Subsequently, MR tanker traffic has surged for US product exports to South America and Central America, with 69.1m tonnes and 32.9m tonnes respectively. Exports to northern Europe, the traditional buyer, were 36m tonnes.
One of the priorities of the Trump administration is to implement a corporate tax change, which also comprises a border adjustment that excludes exports from taxes. This is designed to benefit net exporters and penalize importers, due to which there will be a significant re-channeling of oil to and product flows from US Gulf refineries.
What is relevant for product tankers is that the refiners will be heavily incentivized to sell product overseas, potentially boosting product exports to record levels.

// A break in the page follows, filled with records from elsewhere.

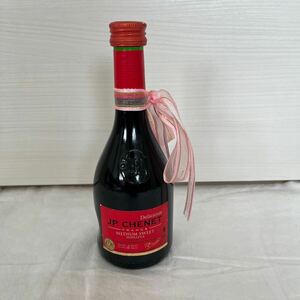 JP CHENET - DELICIOUS MEDIUM SWEET ROUGE 250ML MINIATURE | FRENCH RED WINE 古酒　ワイン 2016年　未開栓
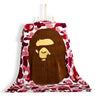 200*150cm Camouflage Flannel Blanket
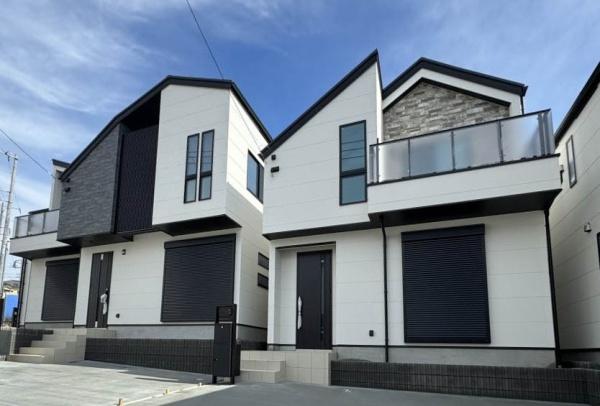 【6号棟】鶴見区新築戸建大型分譲地LDK19帖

Another important scenario that could play out is a trade war where a neighboring country such as Mexico, which trades heavily with the US, decides to implement its own import taxes. This will backfire for US refiners as Mexico is the single largest importer of US oil products, but could be a windfall for MR tankers as tonne-miles increase.

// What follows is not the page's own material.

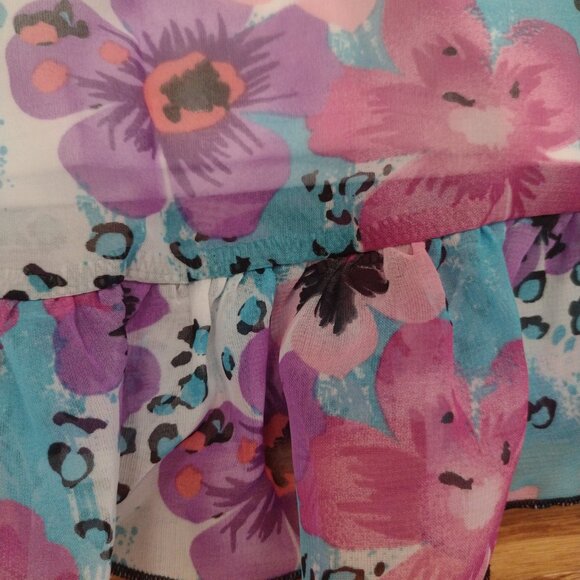 5T | Floral Blouse | George - Picture 3 of 6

US Gulf Coast refiners would have to substantially reroute their product flows and Mexico would end up importing more products from Europe or Asia, thereby incurring higher transport fees, energy consulting firm JBC Energy said. "Besides European and Asian refiners, the big winner in this scenario would be the clean freight market as tonne-mile demand would surge," it said.
What complicates product flows in Latin America is that Mexico is in the process of implementing its own gasoline price reforms.
In 2016, Mexico began deregulating fuel imports and removed the monopoly of Petróleos Mexicanos, or Pemex, allowing other companies to import gasoline and diesel and open retail stations. It continues to open its fuel markets to outside competition and replace government-set prices with market-based ones.
"Based on US and Mexican data sets, US gasoline exports accounted for 80% of all Mexican gasoline imports and provided an average of 47% of Mexico's gasoline consumption during the first 10 months of 2016," the US energy department said.
In turn, over the past five years, US exports to Mexico accounted for between 44% and 54% of total US gasoline exports.
The US Gulf MR tanker trade will depend on how the changes on both sides of the border pan out and whether a trade war materializes. Meanwhile, shipbrokers said there continued to be strong demand for short haul deliveries to the east coast of Mexico and the Caribbean, and even inquiries for long haul shipments to Latin America.
Latest US oil inventories data showed gasoline and distillates inventories posting strong supply build-ups despite a slowdown in refinery activity, making exports to Latin America increasingly viable.